24/01/2011

# 20

jonathan yeo, jan svankmejer, camden arts center

weirdest start to the week ever! i was the only student who posted my postcard (i think i misread the brief!) but wendy applauded me for my efforts and congratulated me on having good time management...! i was then encouraged to make a second postcard. a tutor, sam introduced me to the artist jonathan yeo (photograph below). he is a british painter who also works a lot with collage. his images are all taken from porn magazines... sam and i then went to the corner shop to buy a magazine which i could get images from. i chose "filthy wives" magazine. i can't believe i did it.



above is a scan from my second post card "greetings from suburbia!" i wanted my postcard to be appear a lot more subtle than that of yeo's.
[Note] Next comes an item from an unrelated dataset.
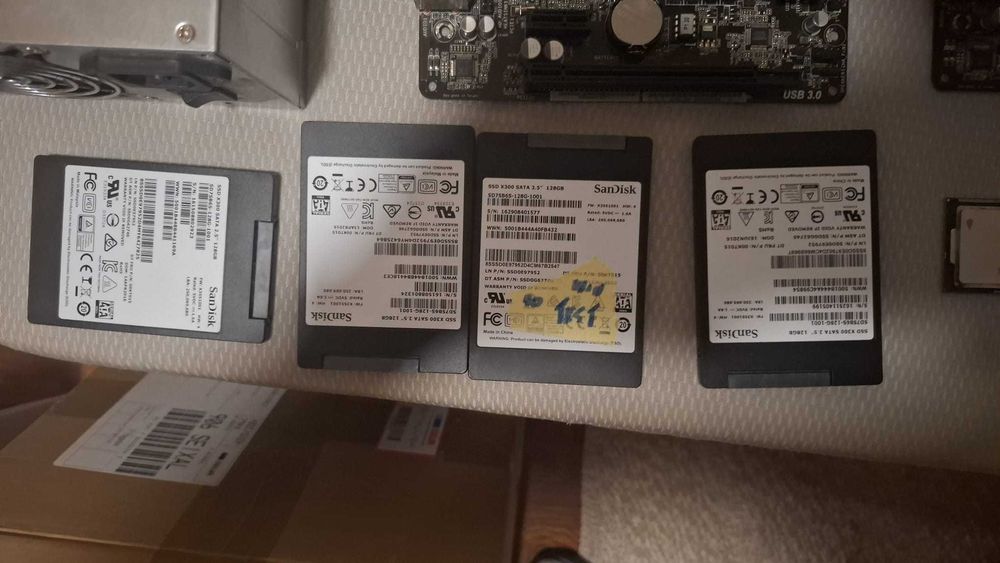 Conjunto de Peças de Computador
wednesday's movie screening brought us 3 shorts films by the surrealist czech artists/animator/film maker jan svankmajer and "fellini satryicon" by federico fellini (who also directed the critically acclaimed film "la dolce vita"). i need to put it out there that this was the weirdest movie session yet. half of the students left during "fellini satryicon". we saw half of the movie (it is originally a 2 hour film) and the dubbed version (it was originally in italian) which wasn't ideal. i thought that even if it was left in it's original italian, the subtitles would've distracted the audience from all of the visuals. it's a very disorientating and disturbing piece of film. "fellini satryicon" is a loose adaption of a book called "satyricon" written approximately 60AD in rome by petronius, emperor nero's personal advisor. the book, like the film has no form or shape... here is the trailer:




i much preferred the films of svankmajer. i had been introduced to his films at the beginning of the year, during the rotation period. we saw "the flat", "dimensions of a dialogue" and "food". he works a lot with stop-motion animation, and uses conventional, familiar objects in the most unfamiliar ways. here is the first part of "food":




our new project to be completed for next friday is entitled "shorts" (for short stories!) we have been given 3 short stories by the author j.g. ballard and we must choose one of them to then produce a series of images for. we have been told that we are not illustrating the story, but interpreting sections or sentences that we particularly like. i chose to focus on "the drowned giant". some of my favourite sentences from the text were "a hundred arms pointed towards the sea", "a dozen ladders swung in the wind" and "a flock of gulls wheeled down from the sky". i have chosen to start illustrating these ones. here are some of my ideas to work on for a final piece.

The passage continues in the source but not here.